### Aim of the task
Output the full listing below exactly, without the pictures.

★ ★ ★ ★ ★ ★ ★

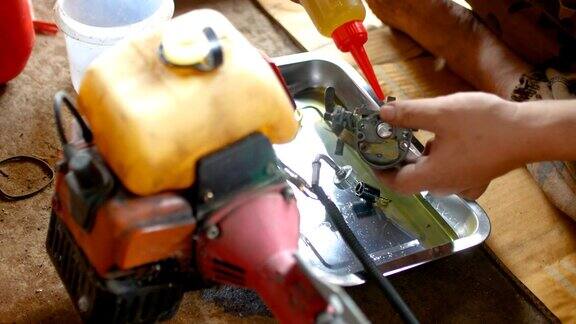修理工修理一台割草机的2T发动机
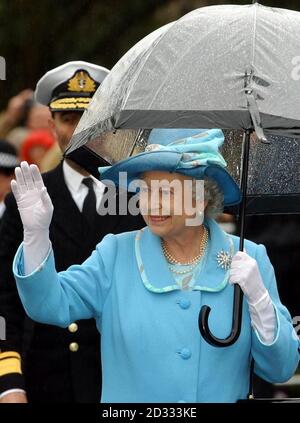 La regina Elisabetta II si rifugia dalla pioggia a Plymouth, dove ha presentato il nuovo colore al tenente Steve Berry della Royal Navy Fleet. * per celebrare l'occasione, 18 navi della Royal Navy hanno organizzato per quasi un secolo il più grande raduno di flotte nelle acque di Plymouth. Tra questi ci sono la HMS Albion, la più recente nave d'assalto della Royal Navy, la HMS Gleaner, la più piccola nave della Marina, e la RFA Argus che è recentemente tornato dal Golfo. Vedi PA Story ROYAL Color. PA Foto: Barry Batchelor. Foto Stock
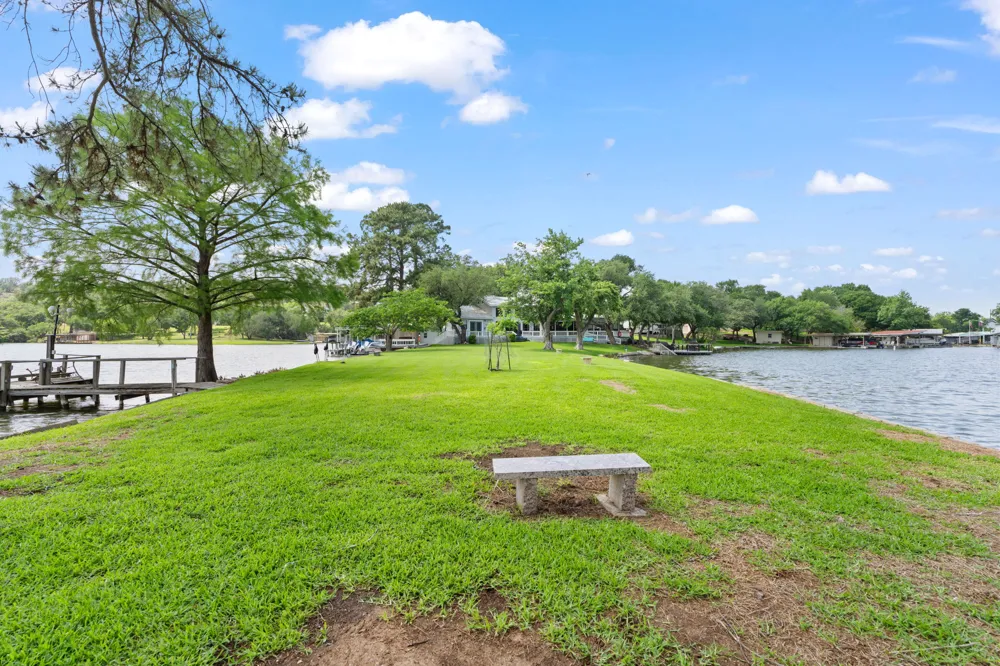 327 Mountain View Drive Sunrise Beach, TX 78643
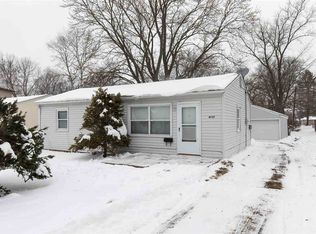 4737 28th Ave, Moline, IL 61265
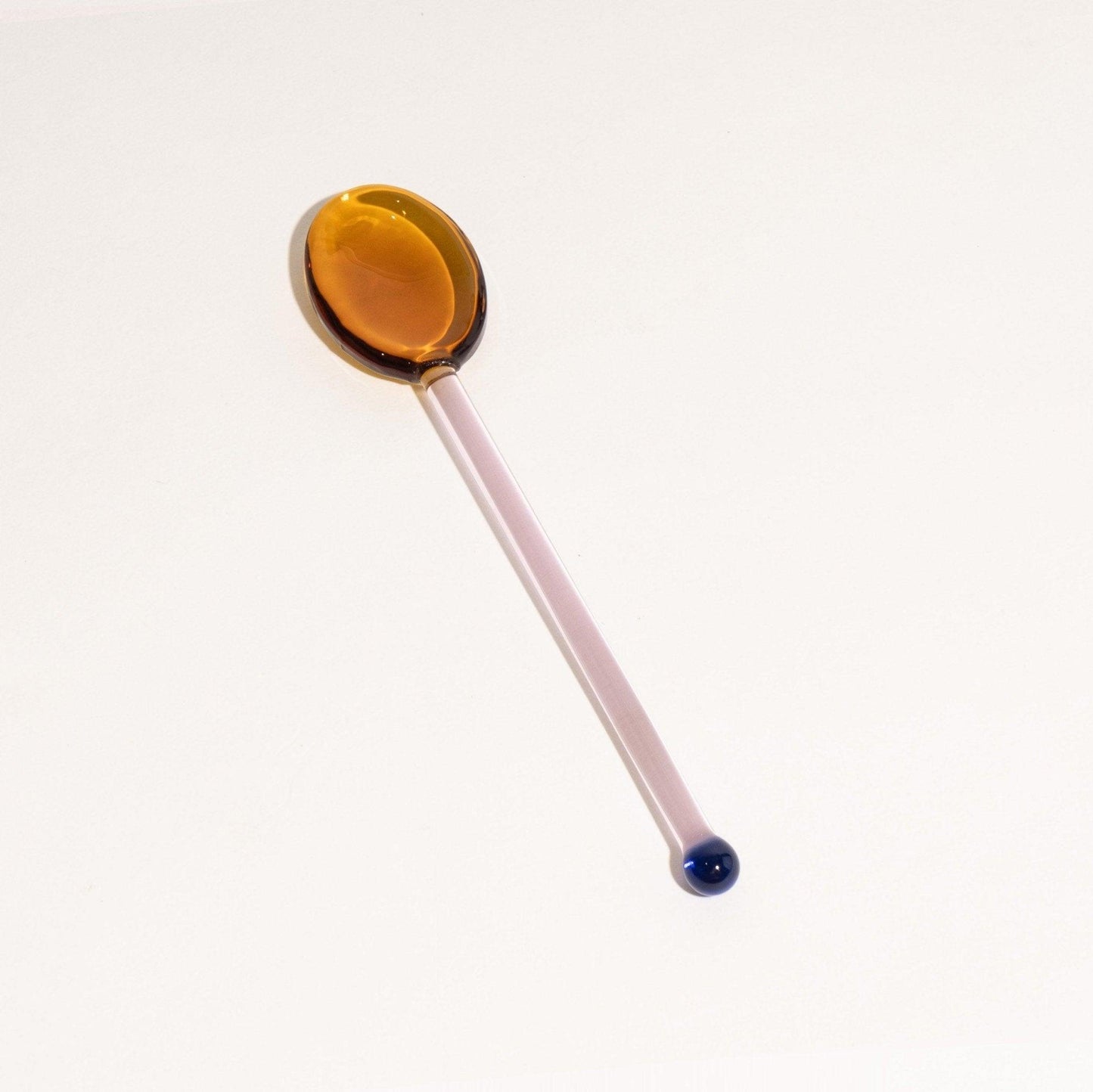 TwistSpoon – Bunter Glaslöffel mit verspieltem Wellenmuster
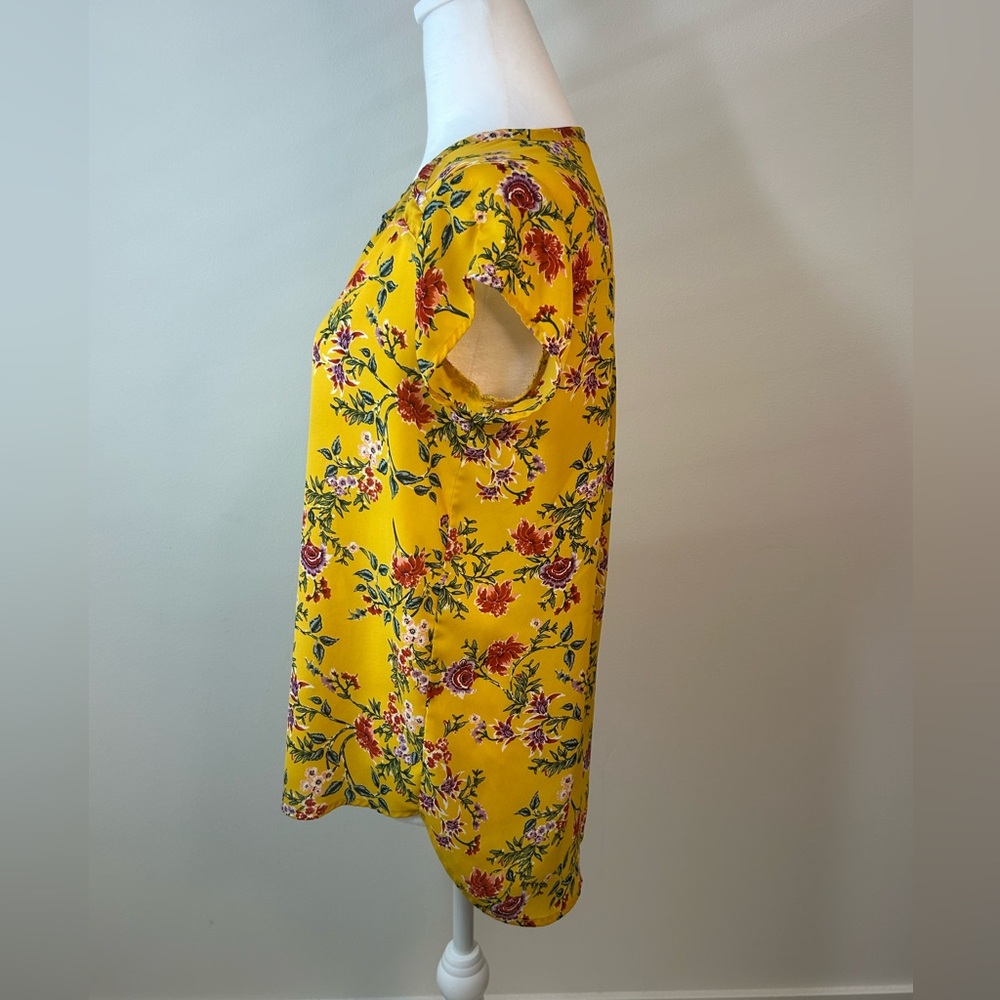 Pleione Mustard Floral Split-Neck Blouse – XS - Picture 4 of 5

★ ★ ★ ★ ★ ★ ★

### Written solution
修理工修理一台割草机的2T发动机
 La regina Elisabetta II si rifugia dalla pioggia a Plymouth, dove ha presentato il nuovo colore al tenente Steve Berry della Royal Navy Fleet. * per celebrare l'occasione, 18 navi della Royal Navy hanno organizzato per quasi un secolo il più grande raduno di flotte nelle acque di Plymouth. Tra questi ci sono la HMS Albion, la più recente nave d'assalto della Royal Navy, la HMS Gleaner, la più piccola nave della Marina, e la RFA Argus che è recentemente tornato dal Golfo. Vedi PA Story ROYAL Color. PA Foto: Barry Batchelor. Foto Stock
 327 Mountain View Drive Sunrise Beach, TX 78643
 4737 28th Ave, Moline, IL 61265
 TwistSpoon – Bunter Glaslöffel mit verspieltem Wellenmuster
 Pleione Mustard Floral Split-Neck Blouse – XS - Picture 4 of 5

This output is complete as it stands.